= TASK TO COMPLETE =
Retype, word for word, every line of the records below starting at the one that contains "Kitchen - 1539" and ending at the one that contains "House in Inverness, Florida"; include both of those lines and nothing more.

(Source records)
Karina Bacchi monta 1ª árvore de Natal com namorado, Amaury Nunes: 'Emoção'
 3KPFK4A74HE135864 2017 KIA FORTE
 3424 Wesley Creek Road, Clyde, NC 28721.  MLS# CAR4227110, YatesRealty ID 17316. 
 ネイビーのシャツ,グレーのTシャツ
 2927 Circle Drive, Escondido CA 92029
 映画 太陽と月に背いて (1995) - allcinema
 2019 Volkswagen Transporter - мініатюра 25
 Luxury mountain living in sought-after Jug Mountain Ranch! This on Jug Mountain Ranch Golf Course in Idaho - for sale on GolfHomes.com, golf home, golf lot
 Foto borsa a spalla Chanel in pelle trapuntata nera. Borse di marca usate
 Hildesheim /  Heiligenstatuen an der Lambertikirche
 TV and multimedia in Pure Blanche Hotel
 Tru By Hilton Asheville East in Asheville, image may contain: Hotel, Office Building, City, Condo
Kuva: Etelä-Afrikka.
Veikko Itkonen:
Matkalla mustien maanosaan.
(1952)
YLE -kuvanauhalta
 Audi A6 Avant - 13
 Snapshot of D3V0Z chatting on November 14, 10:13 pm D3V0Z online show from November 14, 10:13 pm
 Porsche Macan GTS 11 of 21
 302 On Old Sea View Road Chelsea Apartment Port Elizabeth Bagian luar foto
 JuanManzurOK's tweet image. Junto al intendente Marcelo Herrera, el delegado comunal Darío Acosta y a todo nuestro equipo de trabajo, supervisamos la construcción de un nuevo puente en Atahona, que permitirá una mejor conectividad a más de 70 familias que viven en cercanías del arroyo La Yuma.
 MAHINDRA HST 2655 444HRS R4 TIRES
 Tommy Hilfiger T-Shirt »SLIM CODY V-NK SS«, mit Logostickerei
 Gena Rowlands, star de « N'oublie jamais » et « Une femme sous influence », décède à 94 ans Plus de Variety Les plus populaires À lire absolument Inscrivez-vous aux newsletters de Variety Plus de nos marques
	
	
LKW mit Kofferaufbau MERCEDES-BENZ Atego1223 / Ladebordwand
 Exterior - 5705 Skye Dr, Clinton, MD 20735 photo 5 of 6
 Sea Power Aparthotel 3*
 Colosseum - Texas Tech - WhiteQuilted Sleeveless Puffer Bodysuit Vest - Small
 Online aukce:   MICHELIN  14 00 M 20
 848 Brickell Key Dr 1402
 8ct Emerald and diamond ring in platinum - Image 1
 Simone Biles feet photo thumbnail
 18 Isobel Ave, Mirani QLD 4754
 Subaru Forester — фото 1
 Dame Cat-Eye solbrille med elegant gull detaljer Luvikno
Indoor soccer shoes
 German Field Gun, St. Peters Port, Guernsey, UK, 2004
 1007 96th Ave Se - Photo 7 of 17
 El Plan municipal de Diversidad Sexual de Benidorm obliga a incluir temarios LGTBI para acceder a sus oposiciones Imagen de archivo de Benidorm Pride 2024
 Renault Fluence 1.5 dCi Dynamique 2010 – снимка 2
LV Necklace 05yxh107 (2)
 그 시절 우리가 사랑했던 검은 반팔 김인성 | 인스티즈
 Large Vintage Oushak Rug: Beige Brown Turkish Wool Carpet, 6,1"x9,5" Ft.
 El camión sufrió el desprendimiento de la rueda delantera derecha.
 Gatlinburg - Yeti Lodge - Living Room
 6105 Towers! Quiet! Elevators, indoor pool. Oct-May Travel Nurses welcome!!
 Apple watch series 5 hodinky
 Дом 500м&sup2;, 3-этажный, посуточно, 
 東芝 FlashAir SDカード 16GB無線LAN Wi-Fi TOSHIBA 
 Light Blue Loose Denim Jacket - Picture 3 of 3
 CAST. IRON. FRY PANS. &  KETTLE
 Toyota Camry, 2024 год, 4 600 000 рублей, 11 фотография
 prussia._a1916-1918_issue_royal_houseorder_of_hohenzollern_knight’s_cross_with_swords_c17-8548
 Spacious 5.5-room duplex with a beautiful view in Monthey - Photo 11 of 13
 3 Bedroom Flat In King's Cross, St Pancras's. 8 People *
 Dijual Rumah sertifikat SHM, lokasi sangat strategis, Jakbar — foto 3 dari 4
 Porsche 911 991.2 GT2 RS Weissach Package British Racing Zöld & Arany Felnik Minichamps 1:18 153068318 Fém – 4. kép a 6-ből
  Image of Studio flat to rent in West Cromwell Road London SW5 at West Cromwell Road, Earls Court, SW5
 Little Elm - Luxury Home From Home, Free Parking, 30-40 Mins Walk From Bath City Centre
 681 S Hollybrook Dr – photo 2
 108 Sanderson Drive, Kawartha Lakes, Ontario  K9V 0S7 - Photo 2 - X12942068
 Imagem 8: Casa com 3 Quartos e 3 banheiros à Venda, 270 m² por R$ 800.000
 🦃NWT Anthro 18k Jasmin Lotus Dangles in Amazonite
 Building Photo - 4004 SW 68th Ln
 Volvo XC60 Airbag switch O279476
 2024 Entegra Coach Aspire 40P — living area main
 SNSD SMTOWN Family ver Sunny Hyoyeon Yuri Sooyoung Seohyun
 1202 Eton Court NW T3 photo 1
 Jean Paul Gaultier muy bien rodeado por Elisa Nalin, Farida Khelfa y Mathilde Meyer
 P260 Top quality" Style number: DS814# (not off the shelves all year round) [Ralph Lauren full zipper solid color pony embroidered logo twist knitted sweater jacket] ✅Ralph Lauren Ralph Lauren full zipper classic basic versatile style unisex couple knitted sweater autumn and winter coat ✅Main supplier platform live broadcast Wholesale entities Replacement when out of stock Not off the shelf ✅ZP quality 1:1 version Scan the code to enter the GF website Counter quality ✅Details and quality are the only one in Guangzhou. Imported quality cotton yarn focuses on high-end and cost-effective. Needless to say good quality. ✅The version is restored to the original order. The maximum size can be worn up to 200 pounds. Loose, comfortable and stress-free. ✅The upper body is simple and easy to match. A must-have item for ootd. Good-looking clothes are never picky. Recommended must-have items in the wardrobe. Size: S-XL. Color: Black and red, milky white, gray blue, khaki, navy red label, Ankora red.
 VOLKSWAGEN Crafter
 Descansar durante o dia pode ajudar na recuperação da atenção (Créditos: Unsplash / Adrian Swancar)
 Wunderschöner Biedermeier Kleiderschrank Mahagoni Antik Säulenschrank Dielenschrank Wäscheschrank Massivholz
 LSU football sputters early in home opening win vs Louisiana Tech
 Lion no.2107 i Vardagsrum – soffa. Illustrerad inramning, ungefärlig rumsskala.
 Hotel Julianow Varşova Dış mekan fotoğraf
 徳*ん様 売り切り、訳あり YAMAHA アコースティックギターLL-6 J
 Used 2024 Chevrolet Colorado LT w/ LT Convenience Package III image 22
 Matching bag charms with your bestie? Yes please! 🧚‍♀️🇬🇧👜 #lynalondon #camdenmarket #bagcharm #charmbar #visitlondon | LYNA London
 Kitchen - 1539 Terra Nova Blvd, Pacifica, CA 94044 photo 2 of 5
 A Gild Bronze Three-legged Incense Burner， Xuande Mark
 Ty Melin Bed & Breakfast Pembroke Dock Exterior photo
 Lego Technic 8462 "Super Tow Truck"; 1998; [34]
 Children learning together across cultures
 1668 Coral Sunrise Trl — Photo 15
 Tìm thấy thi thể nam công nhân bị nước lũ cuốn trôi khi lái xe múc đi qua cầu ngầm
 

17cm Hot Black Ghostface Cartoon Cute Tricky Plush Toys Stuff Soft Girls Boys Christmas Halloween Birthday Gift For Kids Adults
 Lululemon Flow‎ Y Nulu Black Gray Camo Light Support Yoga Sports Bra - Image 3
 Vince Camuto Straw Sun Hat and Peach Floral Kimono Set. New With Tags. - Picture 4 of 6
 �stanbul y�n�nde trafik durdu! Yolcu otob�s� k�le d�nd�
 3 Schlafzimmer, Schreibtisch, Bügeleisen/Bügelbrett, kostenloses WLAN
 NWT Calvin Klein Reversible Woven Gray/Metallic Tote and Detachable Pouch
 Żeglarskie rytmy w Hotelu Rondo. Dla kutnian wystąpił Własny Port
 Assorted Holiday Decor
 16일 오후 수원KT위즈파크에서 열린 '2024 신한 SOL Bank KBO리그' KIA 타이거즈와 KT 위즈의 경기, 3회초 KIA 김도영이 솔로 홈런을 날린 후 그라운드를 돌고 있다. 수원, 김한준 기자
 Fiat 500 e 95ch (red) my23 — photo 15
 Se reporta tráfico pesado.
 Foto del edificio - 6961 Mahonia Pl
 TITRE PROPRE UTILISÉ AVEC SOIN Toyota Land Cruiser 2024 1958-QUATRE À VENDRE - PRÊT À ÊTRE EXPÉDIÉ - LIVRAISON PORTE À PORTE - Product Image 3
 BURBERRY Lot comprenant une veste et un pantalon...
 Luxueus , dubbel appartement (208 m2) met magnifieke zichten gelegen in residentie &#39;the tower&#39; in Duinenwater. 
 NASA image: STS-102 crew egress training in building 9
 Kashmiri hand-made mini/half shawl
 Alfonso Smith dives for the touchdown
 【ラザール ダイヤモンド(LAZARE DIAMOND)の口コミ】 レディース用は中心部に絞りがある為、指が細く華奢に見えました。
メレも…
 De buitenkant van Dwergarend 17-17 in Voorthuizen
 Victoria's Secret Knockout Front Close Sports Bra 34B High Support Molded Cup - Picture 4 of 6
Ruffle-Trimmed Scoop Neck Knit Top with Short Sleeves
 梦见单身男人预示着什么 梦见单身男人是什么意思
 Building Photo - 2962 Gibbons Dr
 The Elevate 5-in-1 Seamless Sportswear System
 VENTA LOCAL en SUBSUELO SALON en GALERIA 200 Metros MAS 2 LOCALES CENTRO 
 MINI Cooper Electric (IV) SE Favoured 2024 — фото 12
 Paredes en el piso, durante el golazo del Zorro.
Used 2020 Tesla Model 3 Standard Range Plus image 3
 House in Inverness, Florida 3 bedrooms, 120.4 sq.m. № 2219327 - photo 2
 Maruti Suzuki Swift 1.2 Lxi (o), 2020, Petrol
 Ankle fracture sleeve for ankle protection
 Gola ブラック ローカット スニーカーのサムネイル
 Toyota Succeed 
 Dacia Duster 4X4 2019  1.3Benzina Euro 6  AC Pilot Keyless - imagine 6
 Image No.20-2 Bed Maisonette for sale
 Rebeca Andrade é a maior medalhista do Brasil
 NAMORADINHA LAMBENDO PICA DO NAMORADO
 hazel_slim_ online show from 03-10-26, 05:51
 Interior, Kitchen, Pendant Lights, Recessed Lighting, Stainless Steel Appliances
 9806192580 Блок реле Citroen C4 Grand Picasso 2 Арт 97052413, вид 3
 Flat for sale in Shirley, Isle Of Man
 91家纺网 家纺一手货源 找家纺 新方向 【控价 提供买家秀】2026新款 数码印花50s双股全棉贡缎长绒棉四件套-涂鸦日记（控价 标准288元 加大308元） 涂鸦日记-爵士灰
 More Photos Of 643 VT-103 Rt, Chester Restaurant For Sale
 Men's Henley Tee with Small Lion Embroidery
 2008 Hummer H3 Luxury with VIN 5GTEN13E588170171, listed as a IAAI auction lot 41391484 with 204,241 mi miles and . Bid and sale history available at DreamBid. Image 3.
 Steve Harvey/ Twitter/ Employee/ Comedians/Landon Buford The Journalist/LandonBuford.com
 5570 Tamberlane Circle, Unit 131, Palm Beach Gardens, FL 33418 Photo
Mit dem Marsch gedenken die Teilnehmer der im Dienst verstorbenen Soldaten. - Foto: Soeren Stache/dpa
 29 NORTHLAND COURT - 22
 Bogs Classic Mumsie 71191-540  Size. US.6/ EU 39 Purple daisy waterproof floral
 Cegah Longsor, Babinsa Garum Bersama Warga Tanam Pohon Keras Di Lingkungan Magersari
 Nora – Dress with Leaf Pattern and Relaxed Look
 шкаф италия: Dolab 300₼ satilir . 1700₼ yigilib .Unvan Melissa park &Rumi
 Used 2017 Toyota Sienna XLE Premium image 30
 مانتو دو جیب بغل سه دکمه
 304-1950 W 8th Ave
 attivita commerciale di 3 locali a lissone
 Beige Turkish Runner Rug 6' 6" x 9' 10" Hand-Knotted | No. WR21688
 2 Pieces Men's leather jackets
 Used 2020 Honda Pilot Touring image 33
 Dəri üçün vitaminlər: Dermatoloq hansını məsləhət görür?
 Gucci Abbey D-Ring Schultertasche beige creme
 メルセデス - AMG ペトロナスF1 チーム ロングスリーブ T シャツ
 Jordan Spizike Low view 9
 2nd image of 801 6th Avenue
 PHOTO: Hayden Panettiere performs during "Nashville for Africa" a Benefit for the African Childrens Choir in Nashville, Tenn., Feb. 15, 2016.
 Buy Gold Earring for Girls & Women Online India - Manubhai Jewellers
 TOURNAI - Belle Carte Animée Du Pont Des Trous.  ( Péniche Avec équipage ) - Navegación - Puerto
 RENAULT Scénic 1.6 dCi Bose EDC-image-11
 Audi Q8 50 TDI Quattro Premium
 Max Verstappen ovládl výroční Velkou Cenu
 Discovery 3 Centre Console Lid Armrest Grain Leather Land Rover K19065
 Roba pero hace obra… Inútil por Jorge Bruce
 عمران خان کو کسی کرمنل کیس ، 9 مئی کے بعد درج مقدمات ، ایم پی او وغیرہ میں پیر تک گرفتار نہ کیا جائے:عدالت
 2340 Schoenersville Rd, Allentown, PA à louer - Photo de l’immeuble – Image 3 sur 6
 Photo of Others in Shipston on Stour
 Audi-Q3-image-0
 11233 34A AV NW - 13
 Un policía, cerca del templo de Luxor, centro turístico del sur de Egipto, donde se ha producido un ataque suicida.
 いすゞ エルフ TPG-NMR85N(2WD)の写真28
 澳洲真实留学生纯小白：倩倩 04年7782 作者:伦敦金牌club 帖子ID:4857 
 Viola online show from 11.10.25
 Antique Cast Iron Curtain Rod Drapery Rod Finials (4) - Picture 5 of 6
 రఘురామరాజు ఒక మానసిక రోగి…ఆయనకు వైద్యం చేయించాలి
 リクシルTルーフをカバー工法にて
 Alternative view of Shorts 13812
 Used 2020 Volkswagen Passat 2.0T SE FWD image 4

= TASK SOLUTION =
 Kitchen - 1539 Terra Nova Blvd, Pacifica, CA 94044 photo 2 of 5
 A Gild Bronze Three-legged Incense Burner， Xuande Mark
 Ty Melin Bed & Breakfast Pembroke Dock Exterior photo
 Lego Technic 8462 "Super Tow Truck"; 1998; [34]
 Children learning together across cultures
 1668 Coral Sunrise Trl — Photo 15
 Tìm thấy thi thể nam công nhân bị nước lũ cuốn trôi khi lái xe múc đi qua cầu ngầm
 

17cm Hot Black Ghostface Cartoon Cute Tricky Plush Toys Stuff Soft Girls Boys Christmas Halloween Birthday Gift For Kids Adults
 Lululemon Flow‎ Y Nulu Black Gray Camo Light Support Yoga Sports Bra - Image 3
 Vince Camuto Straw Sun Hat and Peach Floral Kimono Set. New With Tags. - Picture 4 of 6
 �stanbul y�n�nde trafik durdu! Yolcu otob�s� k�le d�nd�
 3 Schlafzimmer, Schreibtisch, Bügeleisen/Bügelbrett, kostenloses WLAN
 NWT Calvin Klein Reversible Woven Gray/Metallic Tote and Detachable Pouch
 Żeglarskie rytmy w Hotelu Rondo. Dla kutnian wystąpił Własny Port
 Assorted Holiday Decor
 16일 오후 수원KT위즈파크에서 열린 '2024 신한 SOL Bank KBO리그' KIA 타이거즈와 KT 위즈의 경기, 3회초 KIA 김도영이 솔로 홈런을 날린 후 그라운드를 돌고 있다. 수원, 김한준 기자
 Fiat 500 e 95ch (red) my23 — photo 15
 Se reporta tráfico pesado.
 Foto del edificio - 6961 Mahonia Pl
 TITRE PROPRE UTILISÉ AVEC SOIN Toyota Land Cruiser 2024 1958-QUATRE À VENDRE - PRÊT À ÊTRE EXPÉDIÉ - LIVRAISON PORTE À PORTE - Product Image 3
 BURBERRY Lot comprenant une veste et un pantalon...
 Luxueus , dubbel appartement (208 m2) met magnifieke zichten gelegen in residentie &#39;the tower&#39; in Duinenwater. 
 NASA image: STS-102 crew egress training in building 9
 Kashmiri hand-made mini/half shawl
 Alfonso Smith dives for the touchdown
 【ラザール ダイヤモンド(LAZARE DIAMOND)の口コミ】 レディース用は中心部に絞りがある為、指が細く華奢に見えました。
メレも…
 De buitenkant van Dwergarend 17-17 in Voorthuizen
 Victoria's Secret Knockout Front Close Sports Bra 34B High Support Molded Cup - Picture 4 of 6
Ruffle-Trimmed Scoop Neck Knit Top with Short Sleeves
 梦见单身男人预示着什么 梦见单身男人是什么意思
 Building Photo - 2962 Gibbons Dr
 The Elevate 5-in-1 Seamless Sportswear System
 VENTA LOCAL en SUBSUELO SALON en GALERIA 200 Metros MAS 2 LOCALES CENTRO 
 MINI Cooper Electric (IV) SE Favoured 2024 — фото 12
 Paredes en el piso, durante el golazo del Zorro.
Used 2020 Tesla Model 3 Standard Range Plus image 3
 House in Inverness, Florida 3 bedrooms, 120.4 sq.m. № 2219327 - photo 2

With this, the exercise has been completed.